FINRA embarked on the effort by asking Wall Street to submit comments and data about current rules on advertising and marketing, as well as those for gift-giving, according to the notices.
 
Among the details Finra wants to know is whether the rules have addressed problems they were aimed at resolving and if any of them include ambiguities.
 
Finra's "retrospective rule review," in the planning stages since late 2012, is an effort to determine whether the current rules are achieving their investor protection goals while not imposing unnecessary cost burdens on the industry, said Robert Colby, Finra's chief legal officer. "Rules go out of date, or sometimes they don't work as planned," he said in an interview.
 
The process could lead to developing new industry rules and changing existing ones, Colby said. Some rules, however, may stay the same.
 
Some investor advocates worry that complaints from the industry about costs the regulations impose could lead to weakening investor protection standards.
 
FINRA launched a related effort in 2012 to scrutinize more deeply the potential costs and benefits of new industry rules and changes it is developing.

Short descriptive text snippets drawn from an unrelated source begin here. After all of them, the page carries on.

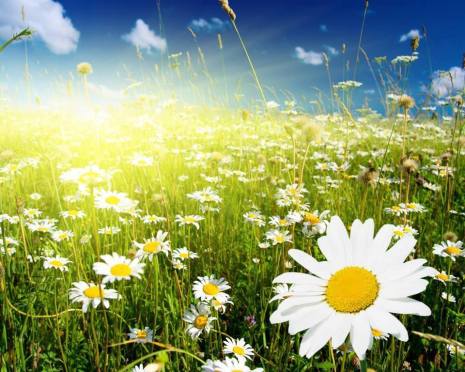 10383490_768382923183028_5871876042344170630_n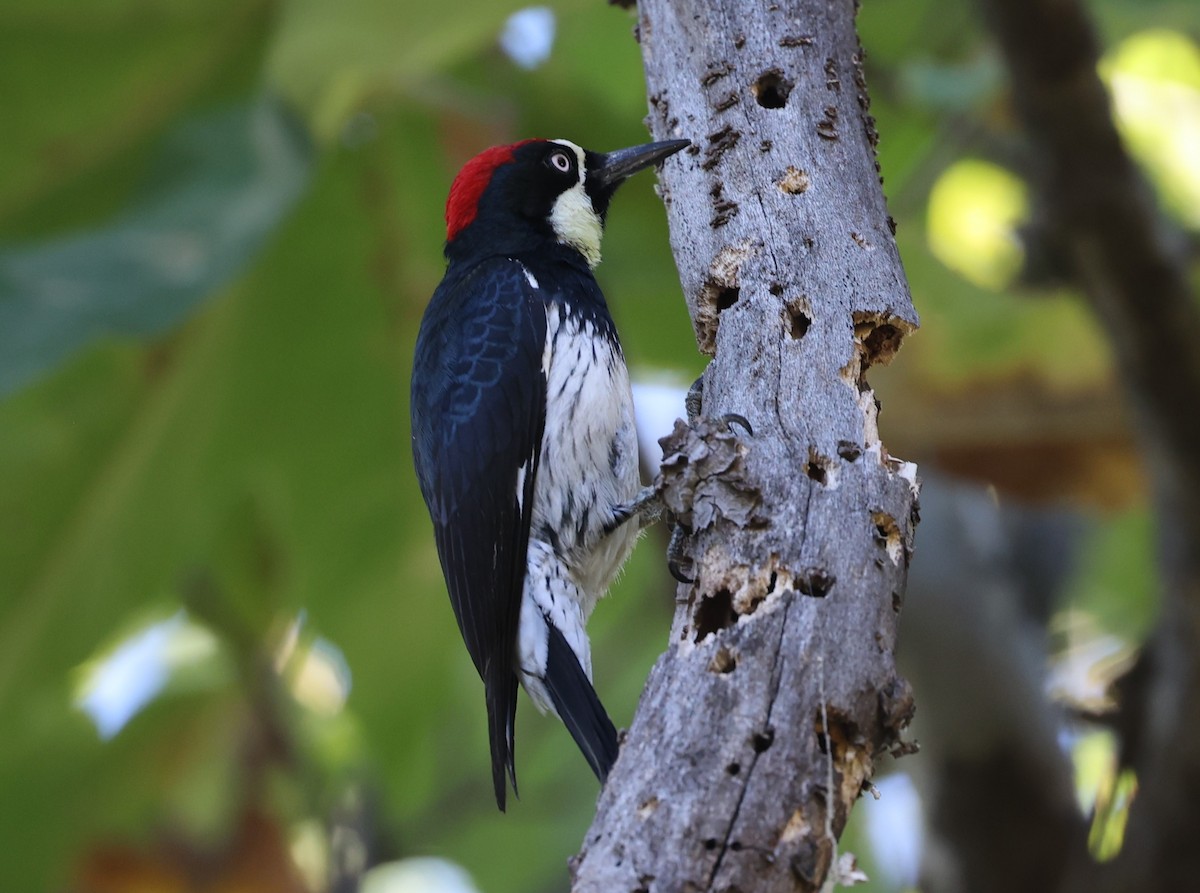 Acorn Woodpecker - ML611504411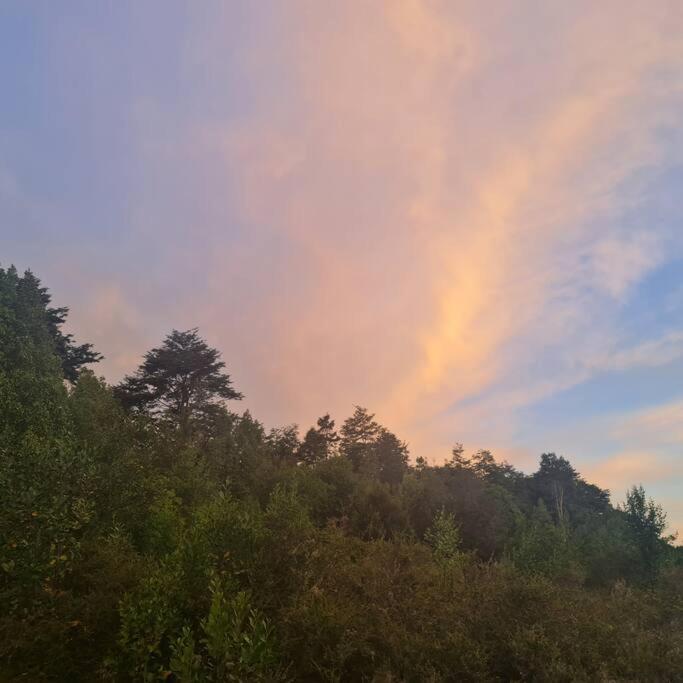 Cabaña hermoso bosque nativo Puerto Varas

The move came, in part, because the U.S. Securities and Exchange Commission, which must review and approve changes to Finra's rules, told the regulator to "better support" the economic aspects of its proposals, Colby said at the time.
 
The SEC became more concerned about costs and benefits of industry rules when a federal court threw out an important part of the Dodd-Frank financial oversight law involving shareholders' ability to nominate corporate directors, saying the agency's economic analysis was flawed.
 
Those concerns appear to be trickling down to rules from self-regulatory groups that the SEC must review and approve.
 
Last year, Finra hired its first chief economist, Jonathan Sokobin, to help oversee the so-called "cost benefit analysis" associated with developing new industry rules. Finra also published a framework for its process last September.
 
Finra plans to conduct the reviews of different rules on an ongoing basis, the regulator said. Factors it will consider to select the rules will include feedback from members about rules that frequently raise questions and federal laws that may override FINRA's ability to change rules, it said.